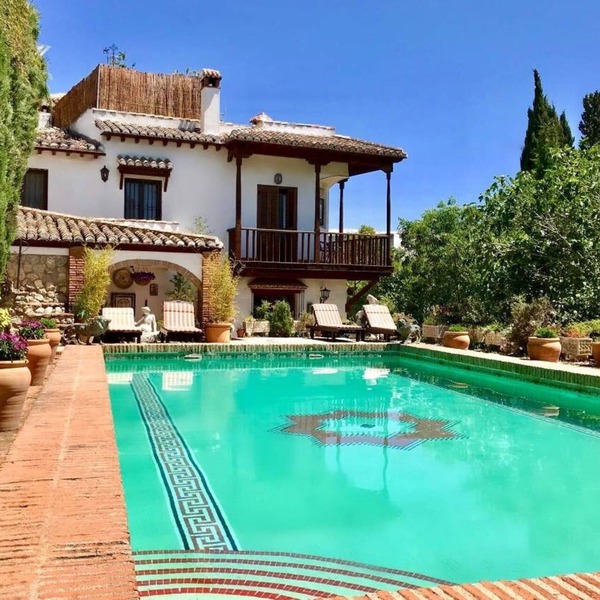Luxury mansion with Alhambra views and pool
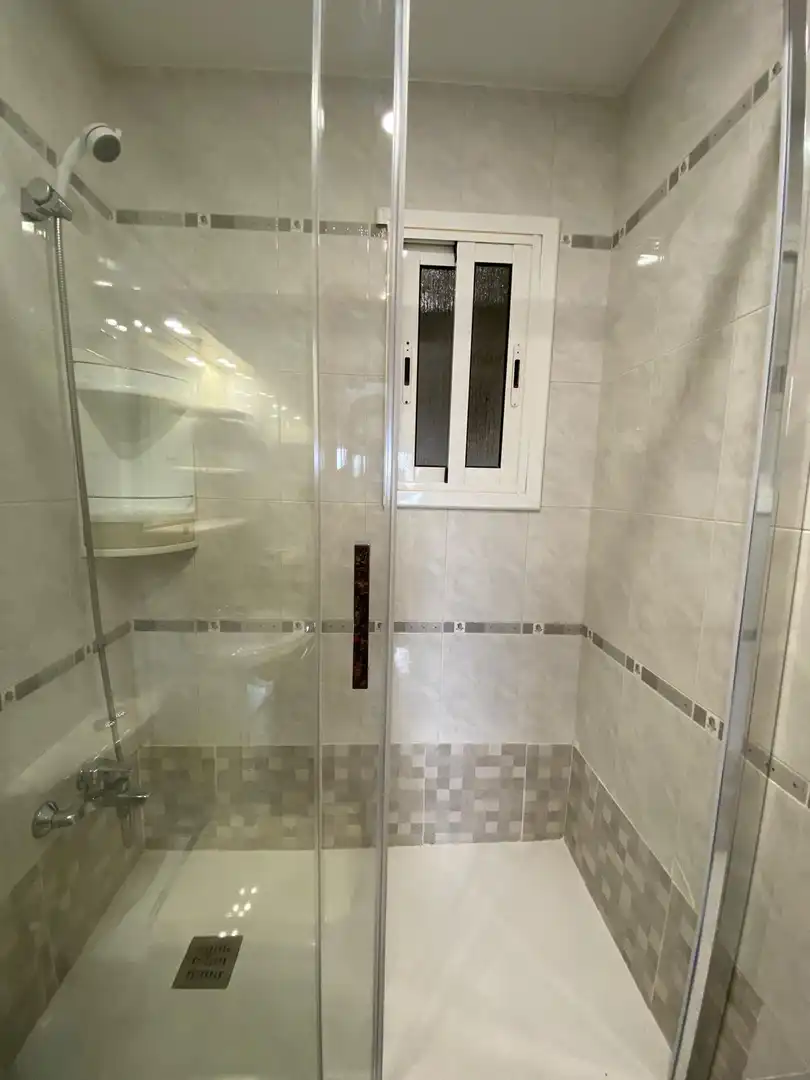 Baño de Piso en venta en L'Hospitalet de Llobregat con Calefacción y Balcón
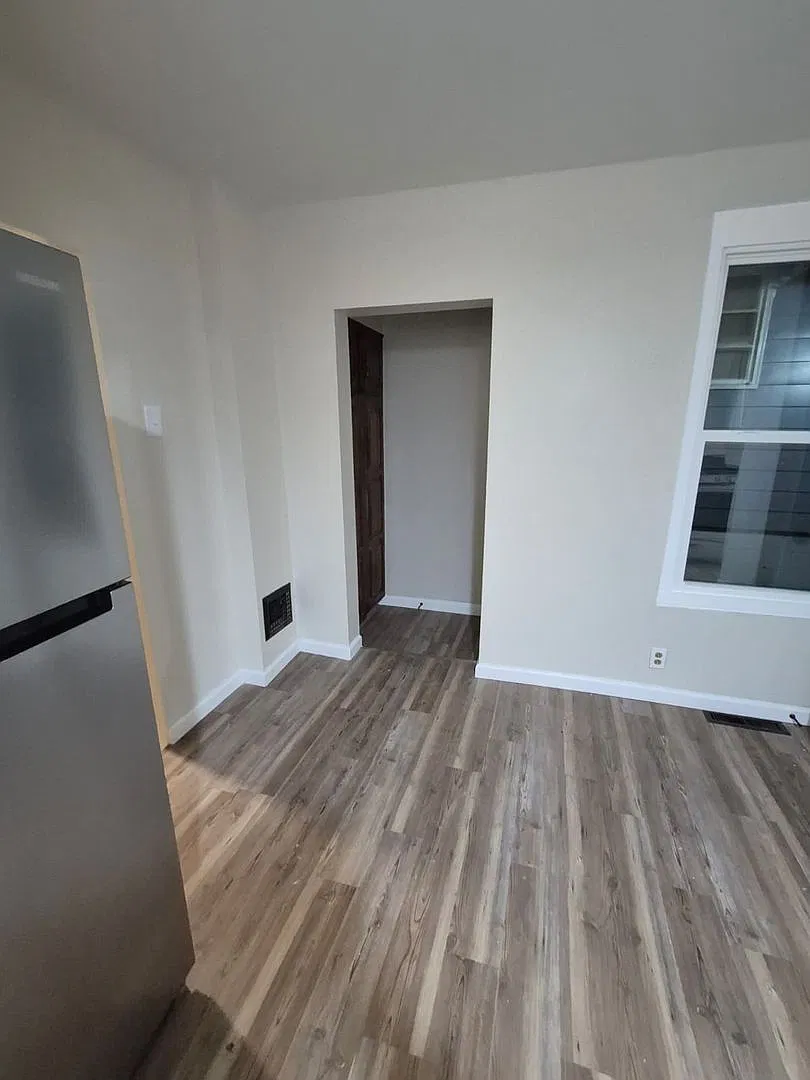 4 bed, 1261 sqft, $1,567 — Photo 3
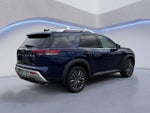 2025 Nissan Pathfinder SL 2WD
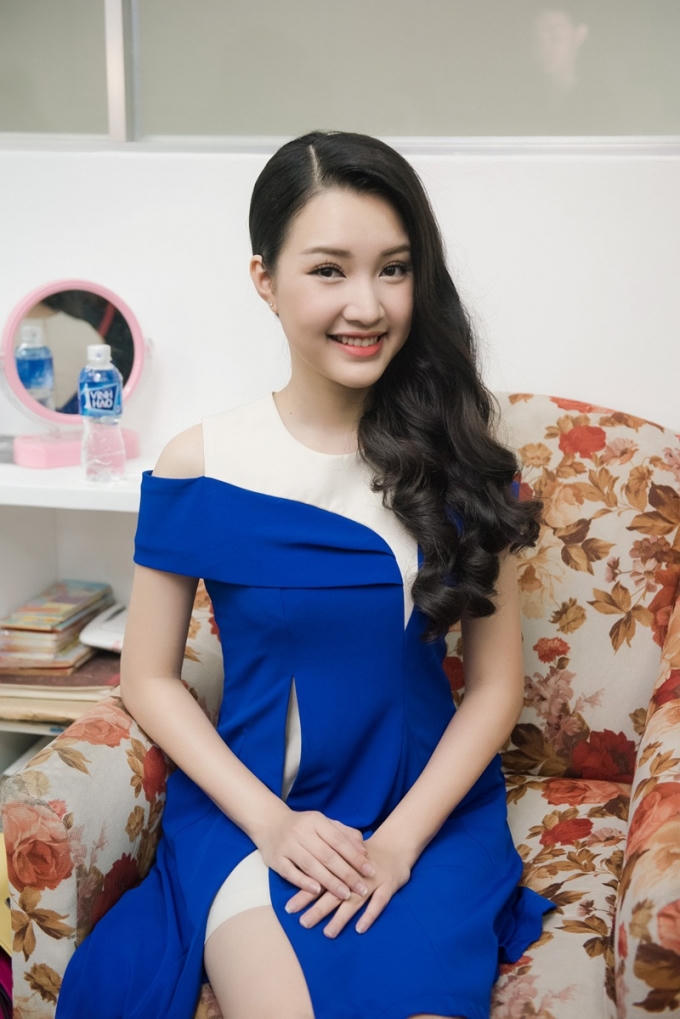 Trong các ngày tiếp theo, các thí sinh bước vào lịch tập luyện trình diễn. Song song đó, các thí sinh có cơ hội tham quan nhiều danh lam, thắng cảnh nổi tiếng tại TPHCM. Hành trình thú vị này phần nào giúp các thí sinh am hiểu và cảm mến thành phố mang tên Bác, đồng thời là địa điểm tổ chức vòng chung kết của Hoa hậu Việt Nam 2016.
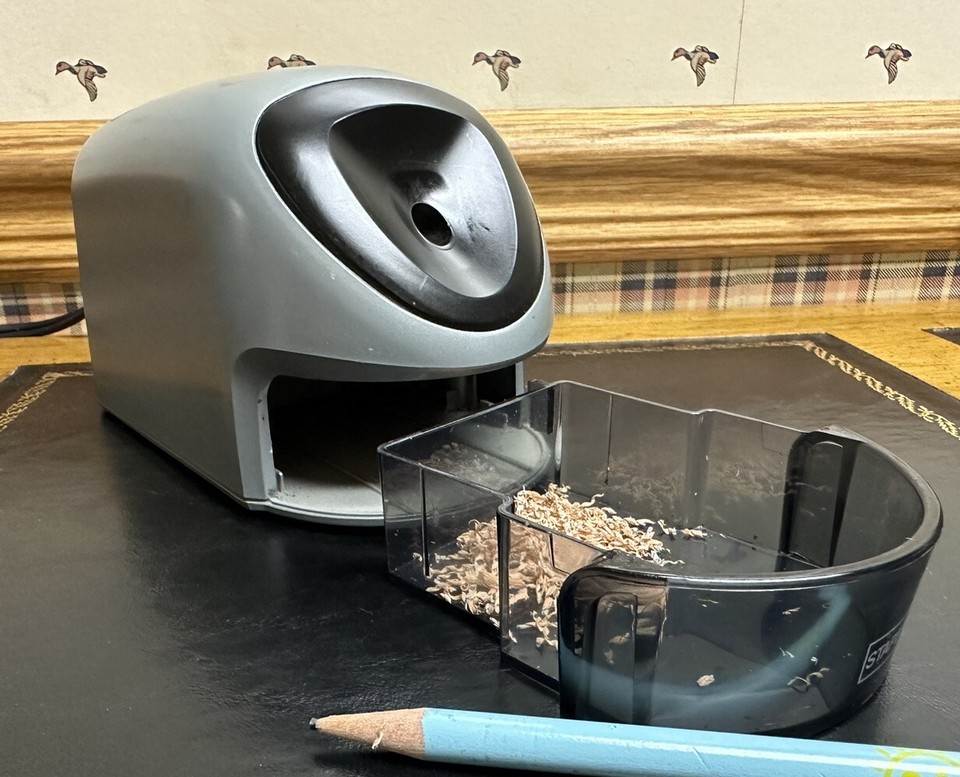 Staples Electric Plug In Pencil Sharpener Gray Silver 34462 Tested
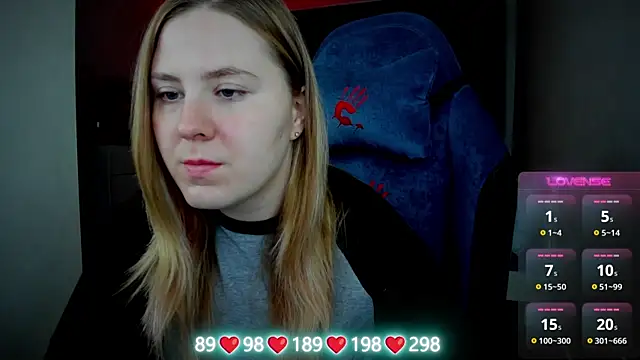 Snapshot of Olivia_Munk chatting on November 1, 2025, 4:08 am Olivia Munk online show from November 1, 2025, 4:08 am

==

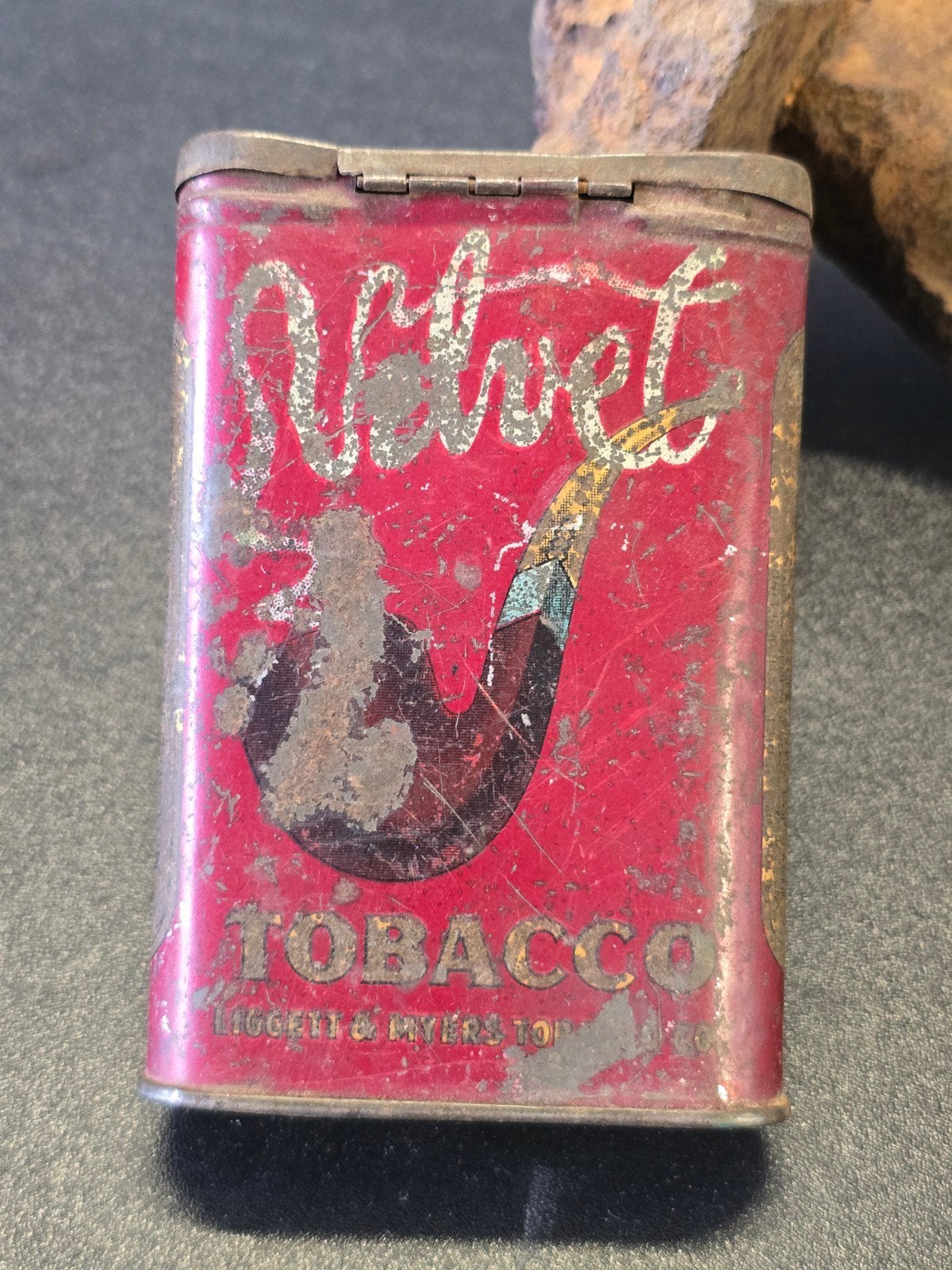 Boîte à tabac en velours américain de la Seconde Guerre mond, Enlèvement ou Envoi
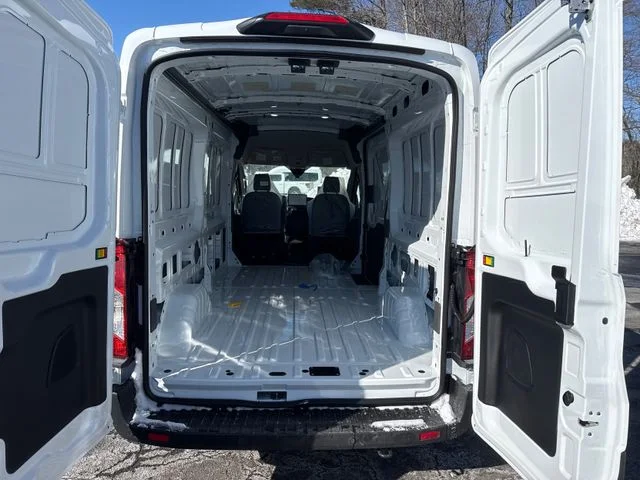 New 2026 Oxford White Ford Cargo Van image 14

* **Problem description**
Repeat exactly the lines above, beginning at the one containing "Luxury mansion with Alhambra views and pool" and ending at the one containing "Snapshot of Olivia_Munk". Do not carry over any pictures.

* **Task answer**
Luxury mansion with Alhambra views and pool
 Baño de Piso en venta en L'Hospitalet de Llobregat con Calefacción y Balcón
 4 bed, 1261 sqft, $1,567 — Photo 3
 2025 Nissan Pathfinder SL 2WD
 Trong các ngày tiếp theo, các thí sinh bước vào lịch tập luyện trình diễn. Song song đó, các thí sinh có cơ hội tham quan nhiều danh lam, thắng cảnh nổi tiếng tại TPHCM. Hành trình thú vị này phần nào giúp các thí sinh am hiểu và cảm mến thành phố mang tên Bác, đồng thời là địa điểm tổ chức vòng chung kết của Hoa hậu Việt Nam 2016.
 Staples Electric Plug In Pencil Sharpener Gray Silver 34462 Tested
 Snapshot of Olivia_Munk chatting on November 1, 2025, 4:08 am Olivia Munk online show from November 1, 2025, 4:08 am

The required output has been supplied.